Gaoxian’s share price may get a boost (hopefully) if its dual listing in Korea is successful.
At 19 cts, the downside to its share price is 4 cts (at most) to its historic low of 15 cts, unless business in the sector goes into a downturn.
Upside potential gain of 10 cts (UOBKH’s TP is 29 cts) or considerably more, if STI makes further recovery or more investors regain their confidence in S-chips.
Eratat Lifestyle, a penny stock, has just released its Q2 results with a doubling of nett profit to RMB 44.1 million. Its EPS for the quarter is 10.6 cts(RMB) [2 cts(S)]. Its 6 months EPS is 17.6 cts(RMB) [3.36 cts(S)] or annualized EPS of 6.7 cts(S). PE of 3x at 20 cts.

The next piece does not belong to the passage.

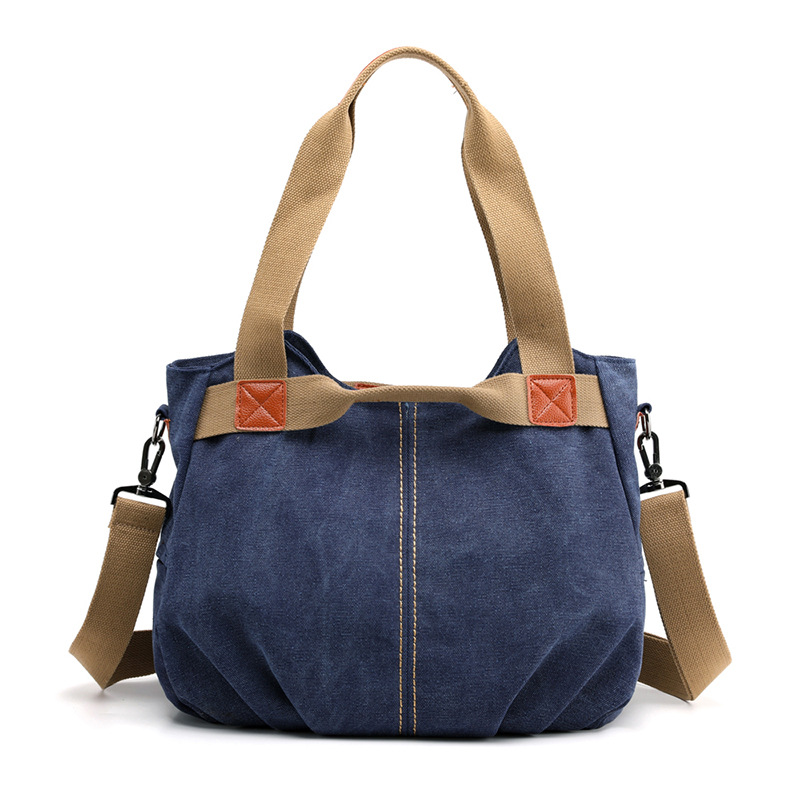 Dark Blue Women's Retro Canvas Tote Bag Large Capacity Shoulder Handbag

With S-chips being generally out-of-favour with most investors, Eratat’s share price has been fluctuating between a range of 12 to 20 cts since February this year with its PE of under 4x. The latest results would further depress its low valuation & enhance its attractiveness to potential investors. QUESTION: Is this stock really presenting a golden investment opportunity especially to those who are not averse to investing in out-of-favour stock, notably S-chips?
Investment entails managing risks, taking into account the various risks factors vs the potential rewards. Each individual must do his/her homework before parting with his/her money for any investment.
The following pointers may be useful to those interested in taking a position in the stock:
Unlike China Sports & China Hongxing, Eratat has successfully repositioned itself as a casual lifestyle brand instead of a sportswear brand. This has enable it to recover its profitability readily and be in a better position to increase its products selling price in the face of escalating raw materials and labour costs.
Eratat is among the better ones of the S-chips [not all S-chips are rotten] in terms corporate governance and profitability. It has “Cash & Cash Equivalents” of RMB 131 million and no borrowings & has declared dividends for the past 2 years.
Eratat announced recently that it had secured confirmed orders of footwear & apparel amounting to RMB 477 million for delivery from Jan to Jun 2011. This is 23% higher than the previous period. In addition, the Average Selling Price (ASP) of both items has also increase -Footwear from RMB 72 to RMB 90 – up RMB 18 or 25% and Apparel from RMB 58 to RMB 80 – up RMB 22 or 38%. This is expected to translate into improved revenue and nett profits for Jan-Mar 2011 & Apr-Jun 2011 quarters
4. Based on stocks with similar fundamentals in past bull markets, Eratat can be expected to have very limited downside at its current share price and a high probability of achieving a doubling in its share price in a bull market subject to the absence of any unexpected market crisis or economic recession.
Due credit must be given to Eratat’s management for taking positive measures to survive in the cut-throat business environment. As a result, Eratat was least affected by the business downturn in sportswear compared to China Hongxing & China Sports. By successfully repositioning itself as a casual lifestyle brand instead of a sportswear brand, Eratat would now be able to stand up well to any competition through its increasing ability to price its house brand products and carve out a niche for itself.
Eratat has the most attractive stock valuation among the sportswear stocks and its share price may be expected to outperform the others in the near term.